*SUPPLIED MATERIAL*.
━━━━

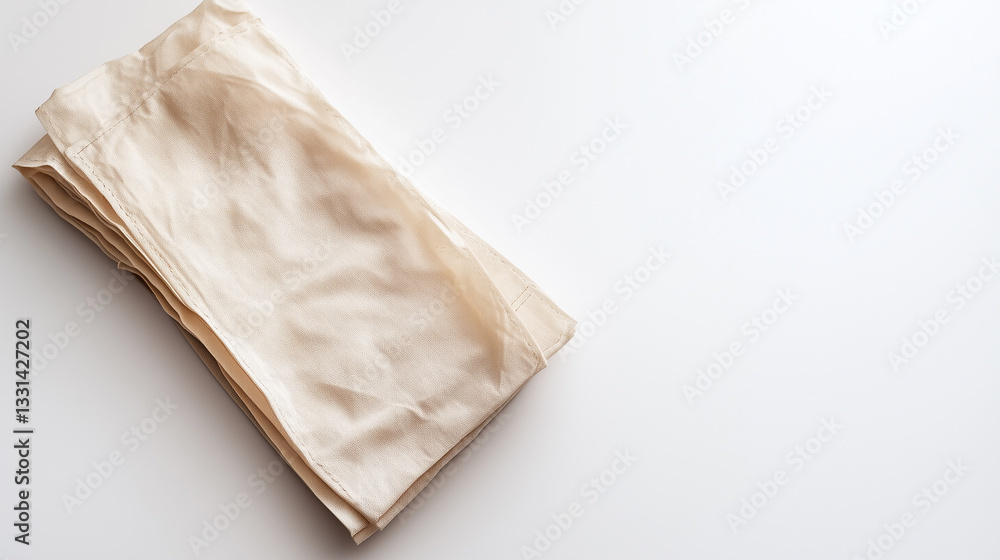 Neatly folded biodegradable food bag on a white background Neatly folded biodegradable food bag on a white background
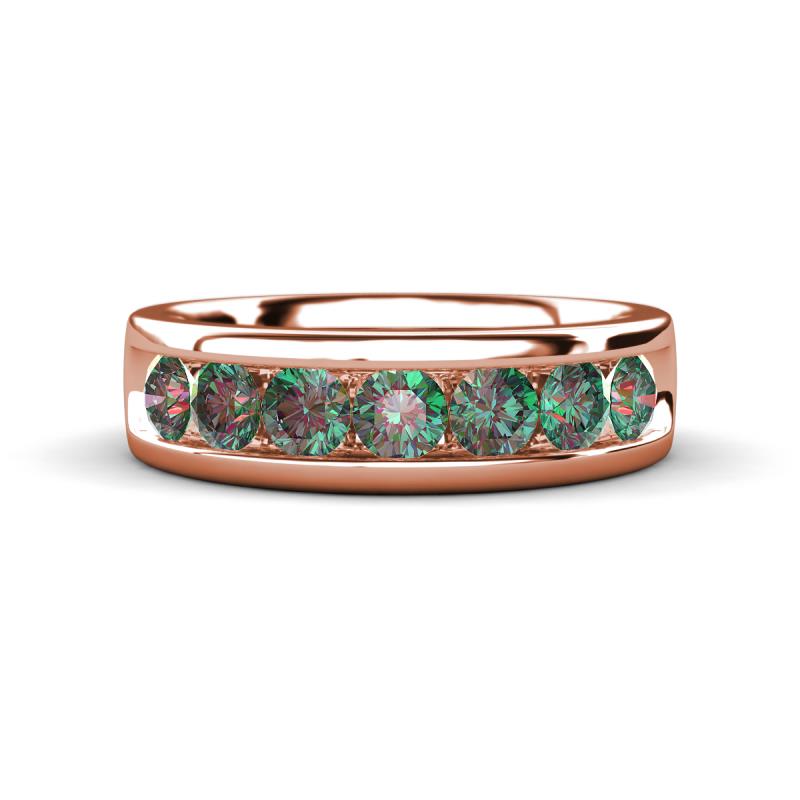 Irvin 1.54 ctw Created Alexandrite 7 stone Comfort Fit Men Wedding Band (6 mm) 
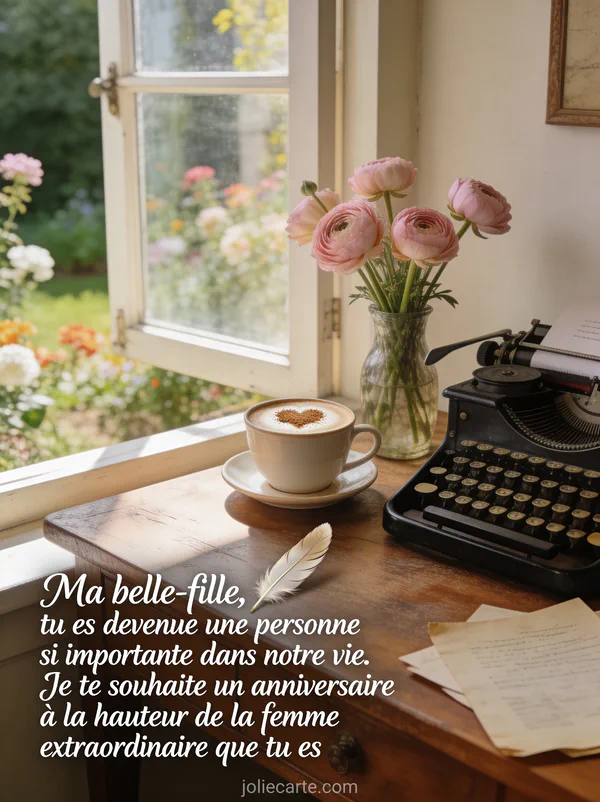 Bureau vintage avec machine à écrire tasse de cappuccino vase de renoncules roses fenêtre sur jardin lettre anniversaire belle-fille
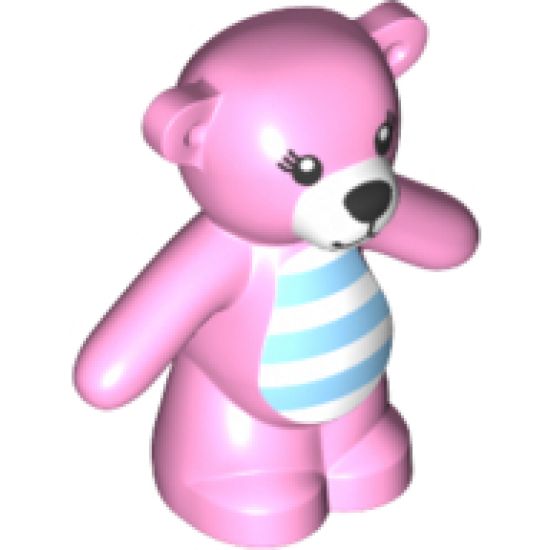 Teddy Bear with Black Eyes, Nose and Mouth, White Stomach and Muzzle and Medium Blue Stripes Pattern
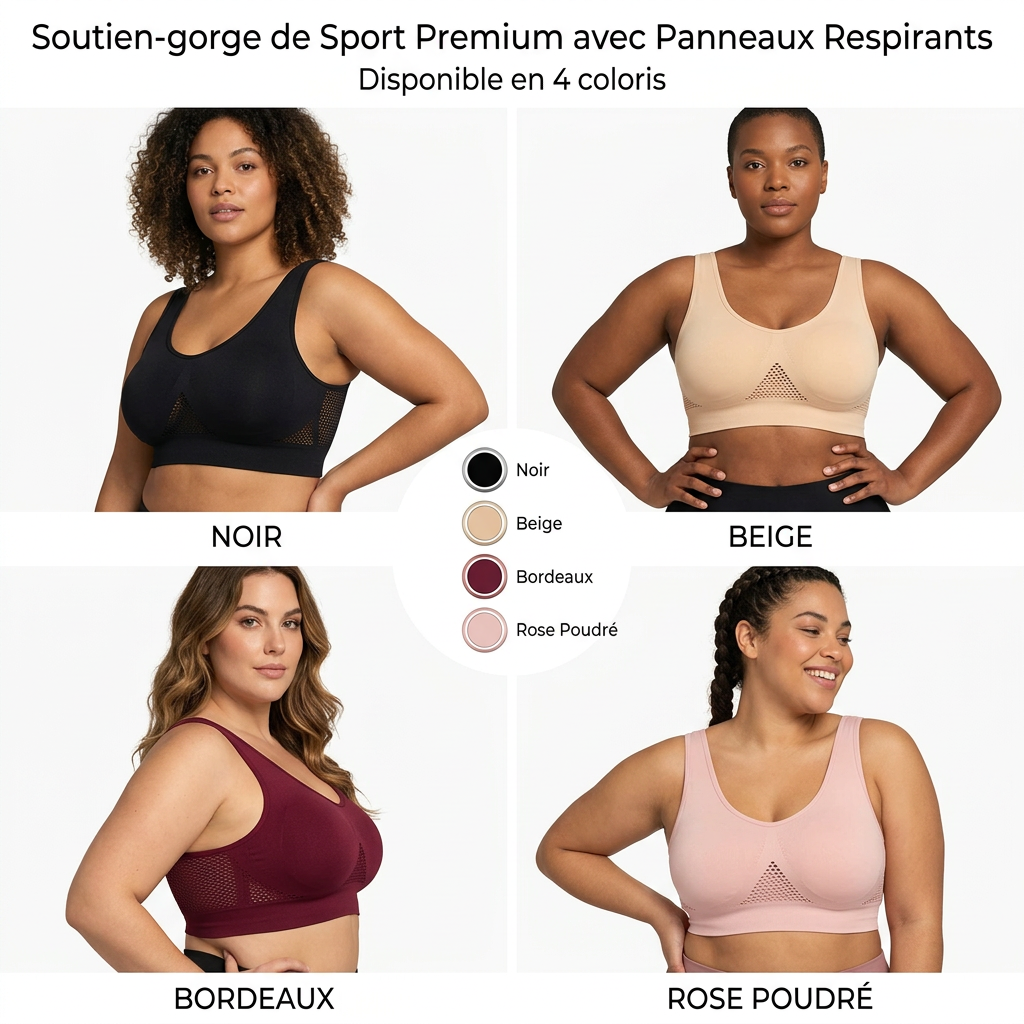 Soutien-gorge sport grande taille sans armature,  mesh respirant, maintien fort, S à 5XL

━━━━

*TASK*. Take the line containing "Teddy Bear with" and every line after it through the end of the data, and write them out exactly, with no pictures.

*TASK OUTPUT*.
 Teddy Bear with Black Eyes, Nose and Mouth, White Stomach and Muzzle and Medium Blue Stripes Pattern
 Soutien-gorge sport grande taille sans armature,  mesh respirant, maintien fort, S à 5XL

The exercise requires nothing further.